Developing the ability to trust your intuition and instincts allows you to lead the conversation rather than be led in unproductive directions.
Establishing a Leadership Mindset
We all know that mindset has a huge impact on performance. Yet, with all the money and time invested in the latest sales CRM integrations, tools, and training, this critical element often gets overlooked. The quickest path to building confidence in a salesperson is in helping them build and maintain a leadership mindset that comes from being present and connecting authentically with the prospect.
Having a leadership mindset in sales allows the type of resilience needed for dealing with common challenges such as buyer objections, pressure and competition, and the countless inevitable rejections. It is difficult to not take rejection personally, which is why having a leadership mindset is necessary.
The Hive Mind
Often, when sales teams aren’t getting their desired results, one of the first questions I ask is: How would you describe the mindset of your sales culture? For example, in your sales department:
With all these examples, how would these mindsets affect your conversations and outcomes?
Mindsets can be overt and taught directly, but often are subtle and hidden in the background. They are the assumptions, values, and beliefs held by the executive team and sales management about people, relationships, confidence in your products and services, and ideas about your customers and sales in general.

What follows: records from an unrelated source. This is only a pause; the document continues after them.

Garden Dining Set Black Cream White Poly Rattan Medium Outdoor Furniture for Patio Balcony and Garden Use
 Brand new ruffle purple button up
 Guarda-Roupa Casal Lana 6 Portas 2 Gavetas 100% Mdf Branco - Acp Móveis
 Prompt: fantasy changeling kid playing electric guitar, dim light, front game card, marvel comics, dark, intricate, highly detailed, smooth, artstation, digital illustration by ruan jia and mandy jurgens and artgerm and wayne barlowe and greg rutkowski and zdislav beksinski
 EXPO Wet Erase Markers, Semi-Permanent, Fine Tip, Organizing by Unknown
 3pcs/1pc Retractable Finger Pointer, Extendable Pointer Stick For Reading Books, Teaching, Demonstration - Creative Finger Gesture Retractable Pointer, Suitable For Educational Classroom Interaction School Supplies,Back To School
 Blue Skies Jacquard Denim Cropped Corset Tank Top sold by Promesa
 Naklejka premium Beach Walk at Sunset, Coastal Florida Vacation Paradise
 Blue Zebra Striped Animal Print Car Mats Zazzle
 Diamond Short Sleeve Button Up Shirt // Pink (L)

You won’t be able to move to a leadership mindset if you don’t first identify the current mindset of your department.
The Individual Mind
To lead a team to perform at their best, you have to assess each salesperson’s current mindset and what would help them advance to their next stage of effectiveness. One-to-one meetings are a perfect time to explore:
One of the most powerful mentoring tools is to identify one underlying theme that is getting in the way of your salesperson. There may be 10 themes, but start with the one that is sabotaging their success most egregiously. You can start building a personal development plan around this theme, which addresses how to shift their strategy and behavior into a more productive mindset and outcomes.
Working with you and your team’s mindset is critical to sales. Identifying each salesperson’s “superpower” – in how they can each connect more powerfully, influence their audience, and track what gets in the way – will move the needle from mediocrity to record-breaking months. And the best part? Everyone will have more fun doing it.
Rick Snyder is founder and CEO of Invisible Edge™. For more information on building intuitive skills with your sales teams, contact info@Invisible-EdgeLLC.com or check out his book, Decisive Intuition.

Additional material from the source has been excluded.